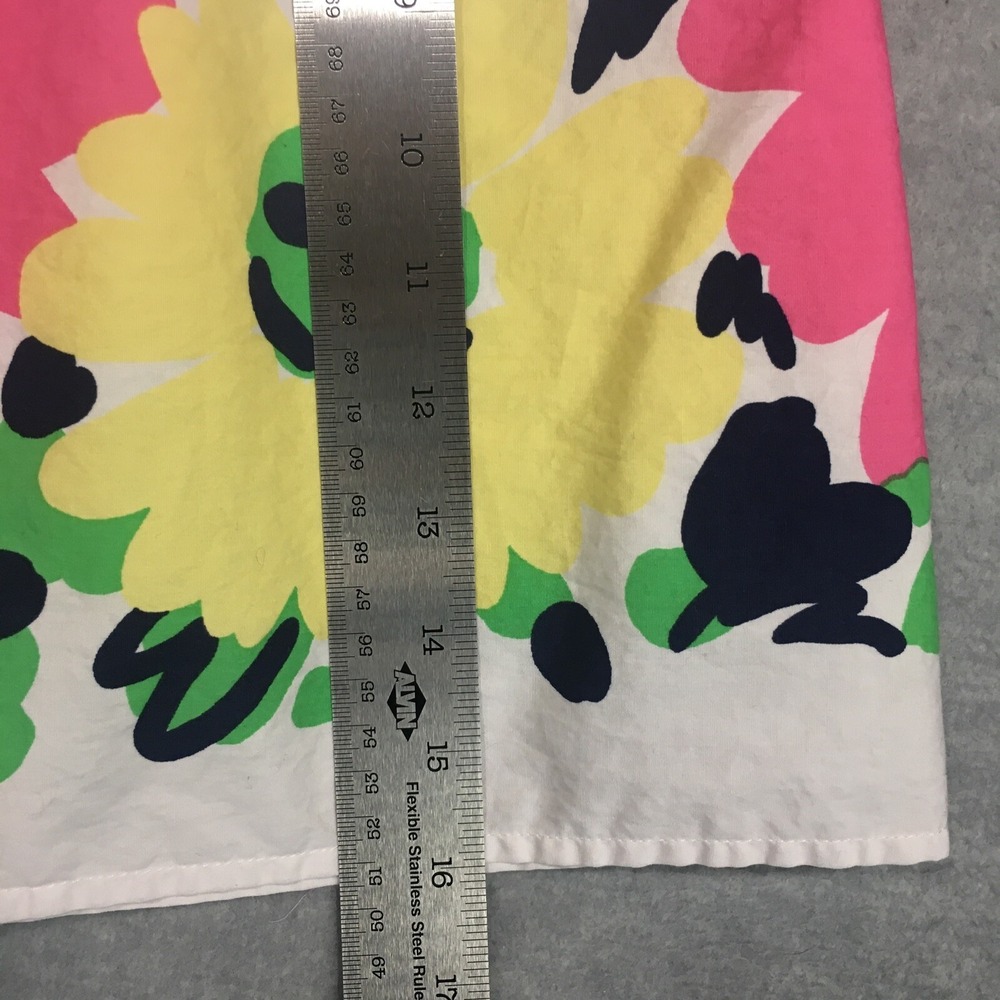 Lilly Pulitzer XS Short A-Line Skirt White Pull-On Large Print Pink Yellow Green - Picture 4 of 8
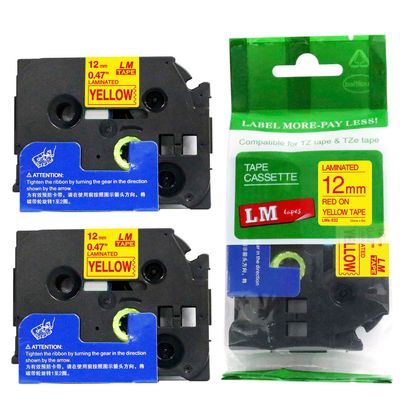 2/Pack - LM Tapes Compatible TZe-632 Red on Yellow p-Touch Label Tape, 12mm Laminated replacment TZe632 Tape, TZ632 0.47" Red Ink on Yellow Label with a Great Color/Size Guide.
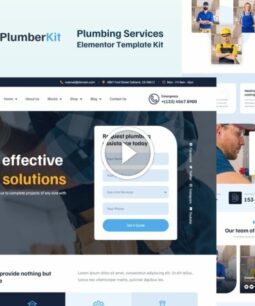 PlumberKit - Kit de plantilla Elementor de servicios de plomería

* [What to produce] Would you reproduce the lines from the one with "2/Pack - LM" through the final line of the data above, exactly and only those, without any pictures?

* [Final answer]
 2/Pack - LM Tapes Compatible TZe-632 Red on Yellow p-Touch Label Tape, 12mm Laminated replacment TZe632 Tape, TZ632 0.47" Red Ink on Yellow Label with a Great Color/Size Guide.
 PlumberKit - Kit de plantilla Elementor de servicios de plomería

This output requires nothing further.